- **Goal of the exercise**
What is needed is a word-for-word copy of the lines below from the one with "Divinely Blooming Lime" through the one with "Gray Fabric Modern Bar Stool | Oroa.com", both included, with every picture left out.

####

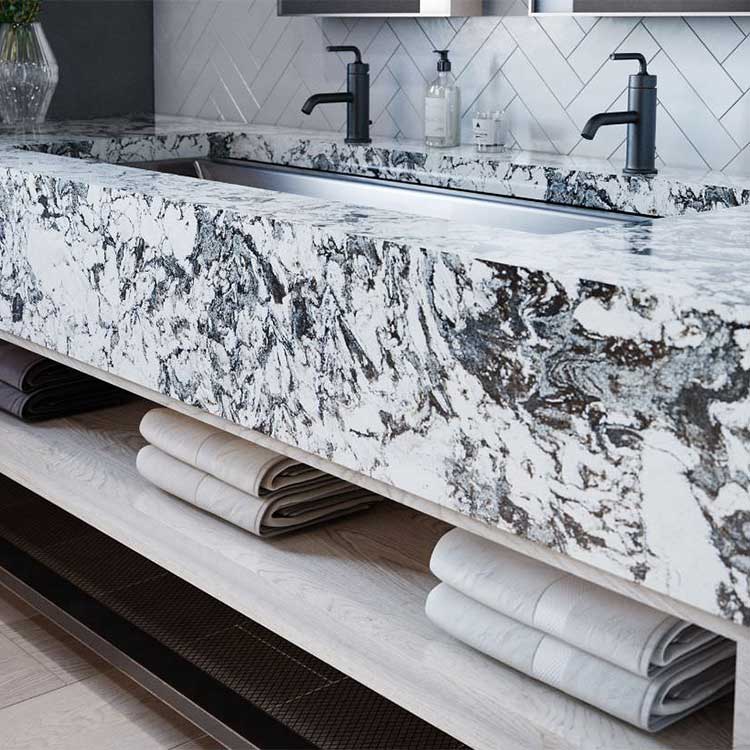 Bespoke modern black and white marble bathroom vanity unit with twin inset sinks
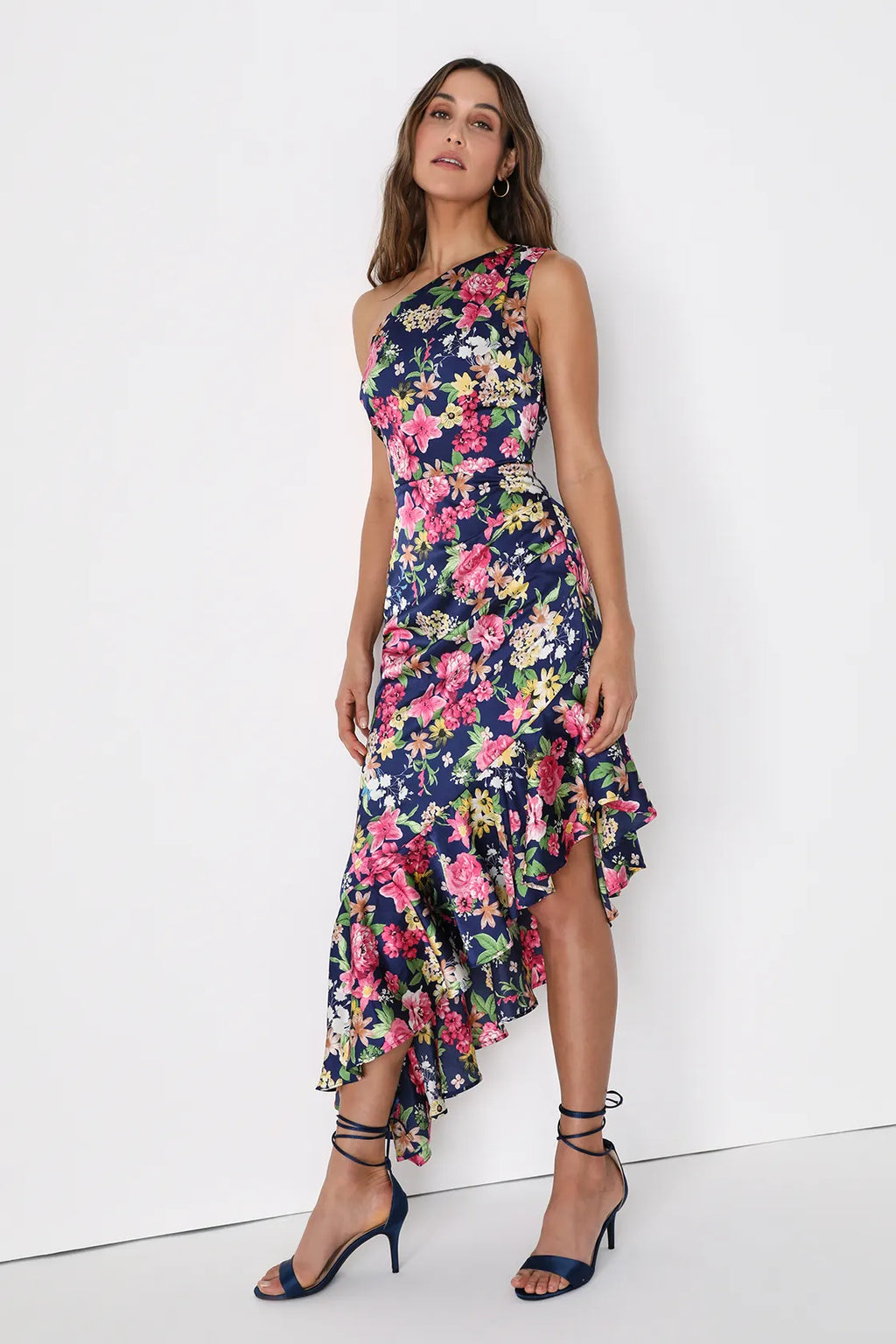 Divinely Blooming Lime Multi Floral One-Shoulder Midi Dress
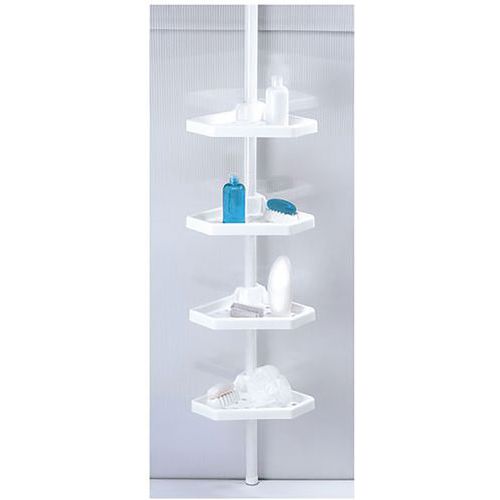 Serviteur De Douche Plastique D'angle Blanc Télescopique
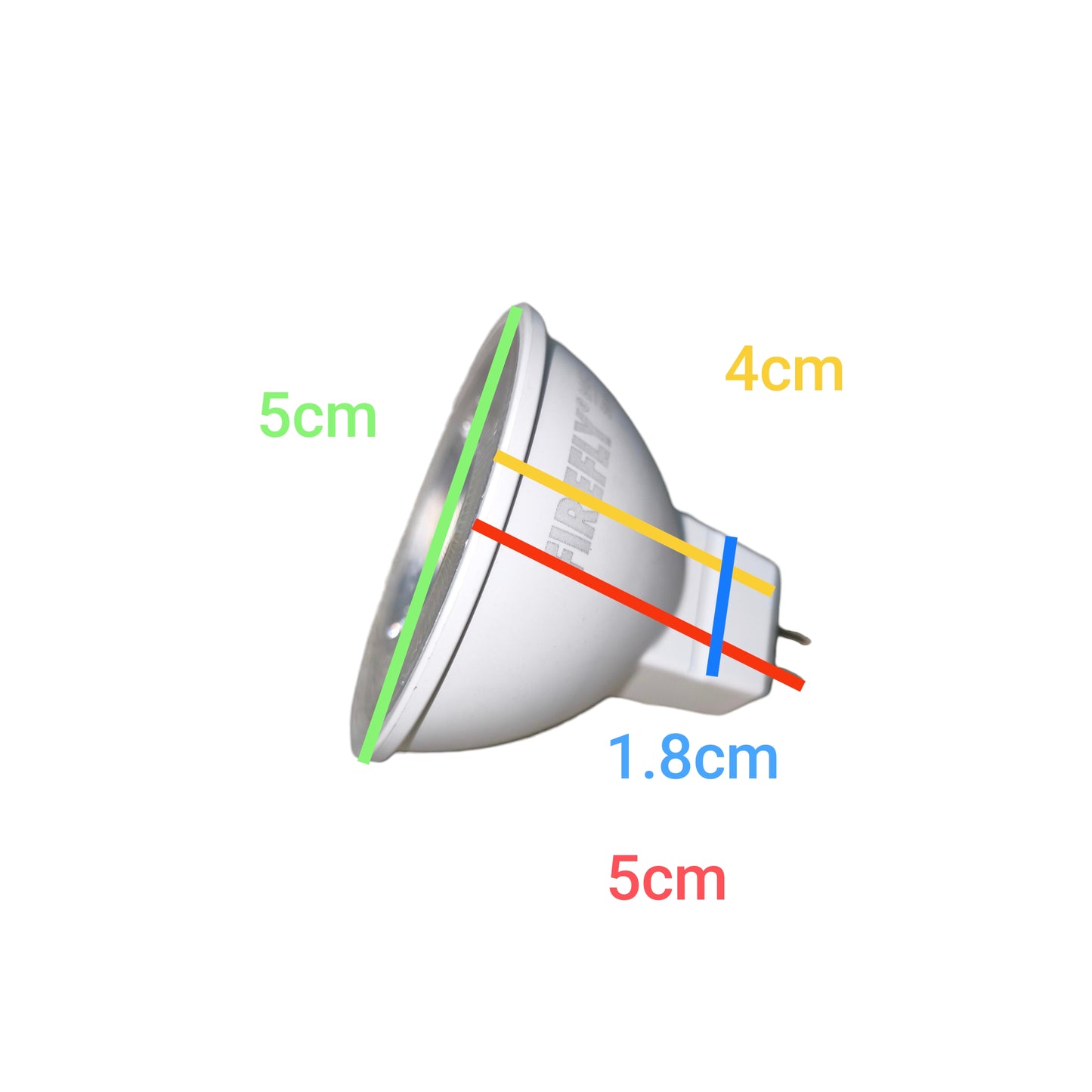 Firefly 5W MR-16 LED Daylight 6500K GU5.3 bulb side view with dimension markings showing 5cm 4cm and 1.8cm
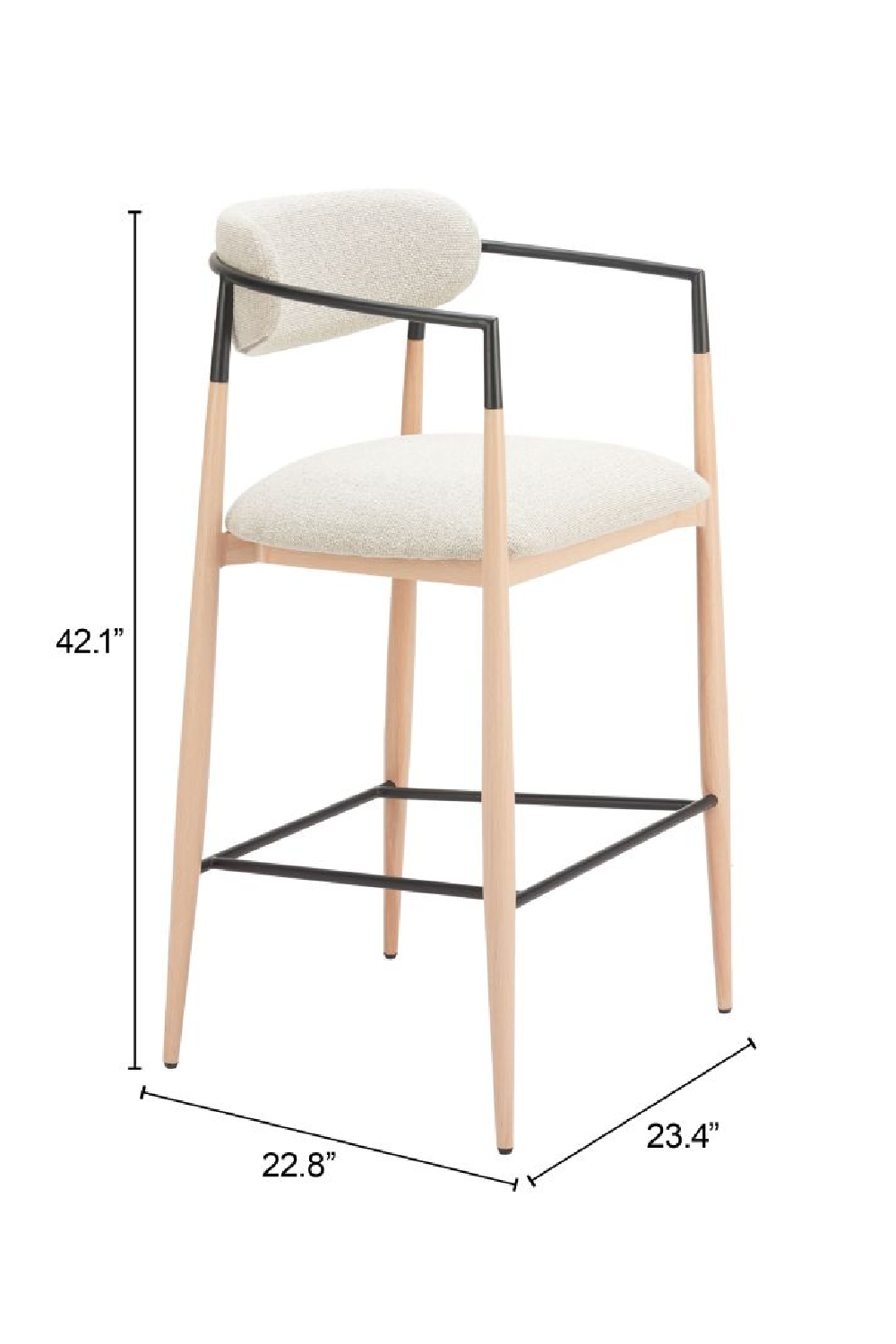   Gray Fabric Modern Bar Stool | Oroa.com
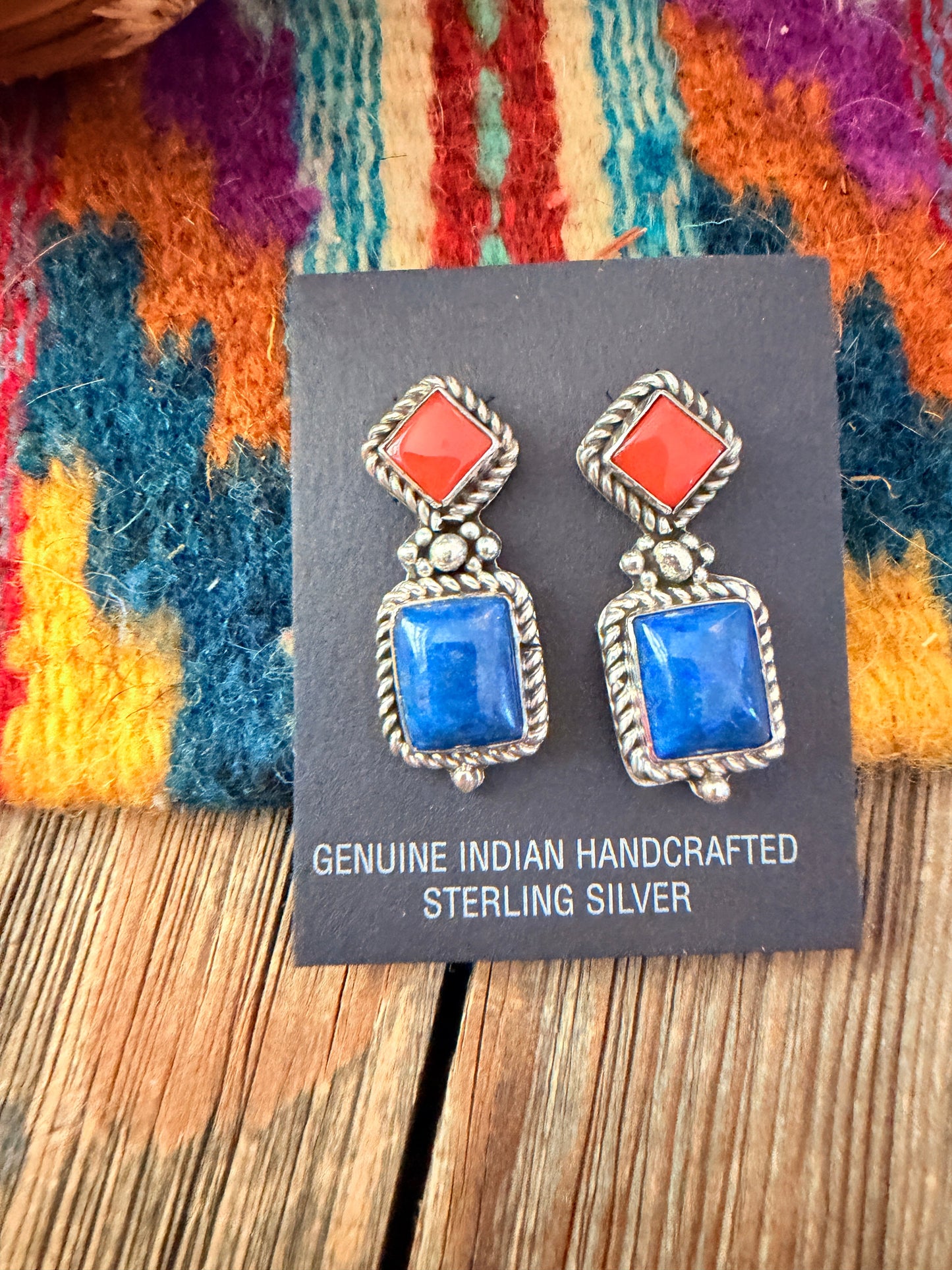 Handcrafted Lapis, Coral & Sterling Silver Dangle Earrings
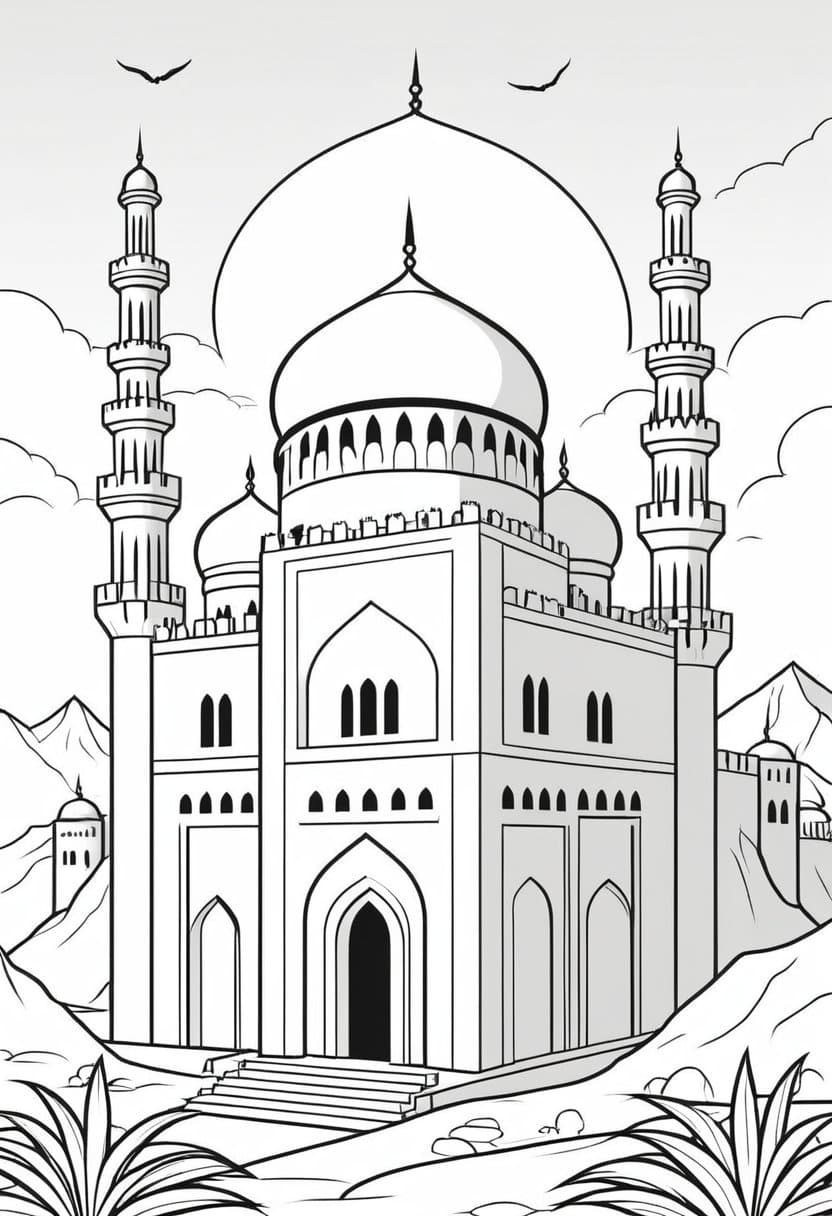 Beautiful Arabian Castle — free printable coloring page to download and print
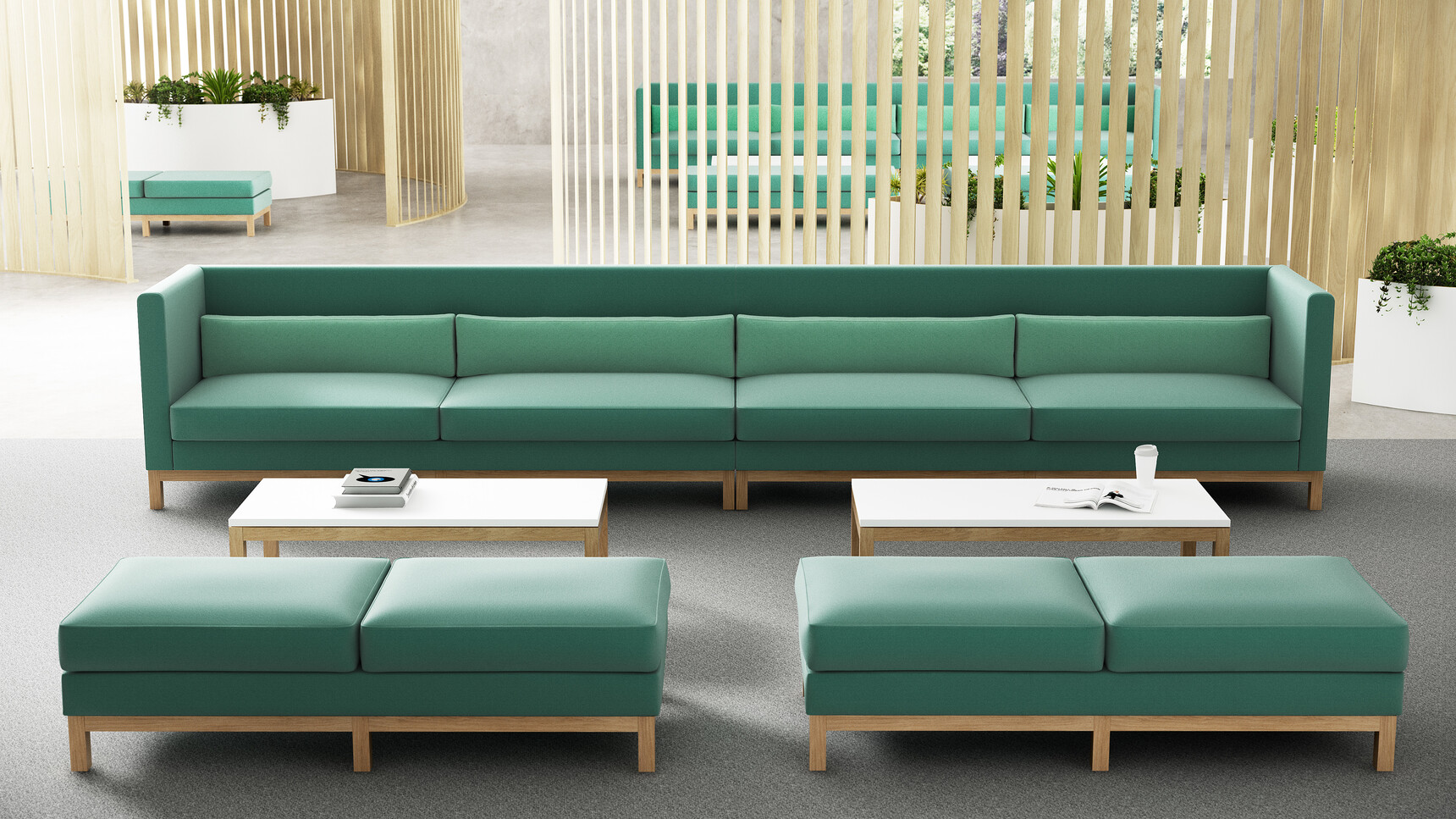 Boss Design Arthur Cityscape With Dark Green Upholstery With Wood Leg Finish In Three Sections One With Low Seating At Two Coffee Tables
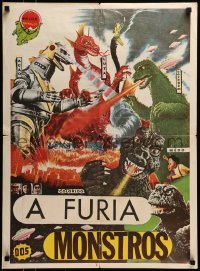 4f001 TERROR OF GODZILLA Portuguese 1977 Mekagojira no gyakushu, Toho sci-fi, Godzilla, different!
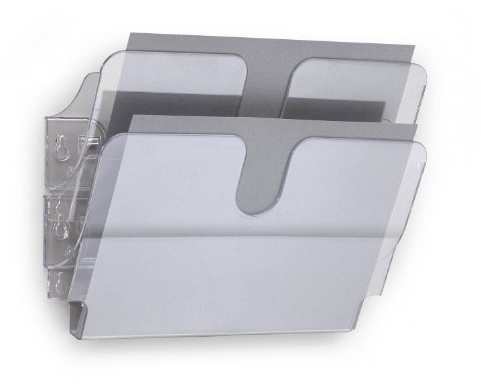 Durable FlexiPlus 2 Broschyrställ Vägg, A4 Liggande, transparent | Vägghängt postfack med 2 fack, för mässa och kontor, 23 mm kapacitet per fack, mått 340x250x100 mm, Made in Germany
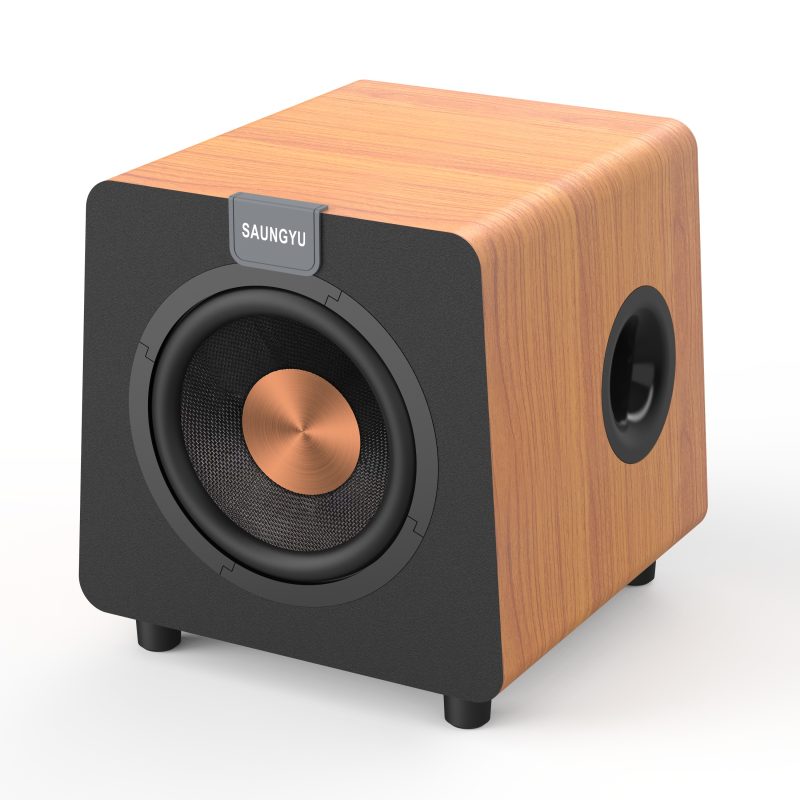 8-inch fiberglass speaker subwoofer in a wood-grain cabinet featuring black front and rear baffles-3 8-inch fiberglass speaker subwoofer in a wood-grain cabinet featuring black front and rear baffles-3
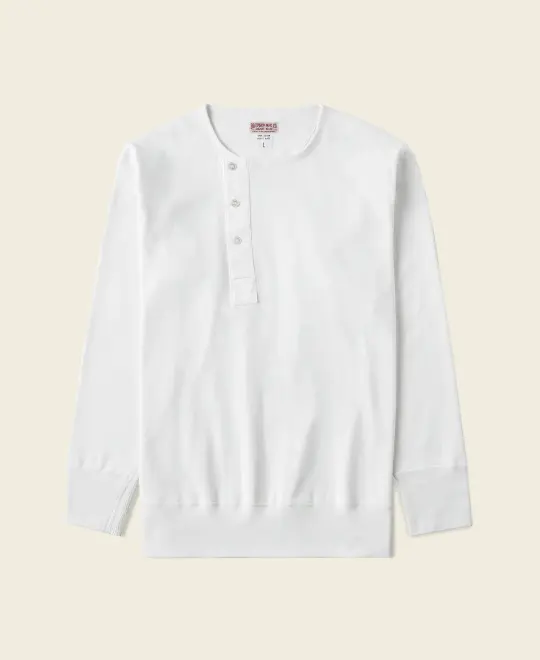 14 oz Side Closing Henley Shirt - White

####

- **Expected answer**
 Divinely Blooming Lime Multi Floral One-Shoulder Midi Dress
 Serviteur De Douche Plastique D'angle Blanc Télescopique
 Firefly 5W MR-16 LED Daylight 6500K GU5.3 bulb side view with dimension markings showing 5cm 4cm and 1.8cm
   Gray Fabric Modern Bar Stool | Oroa.com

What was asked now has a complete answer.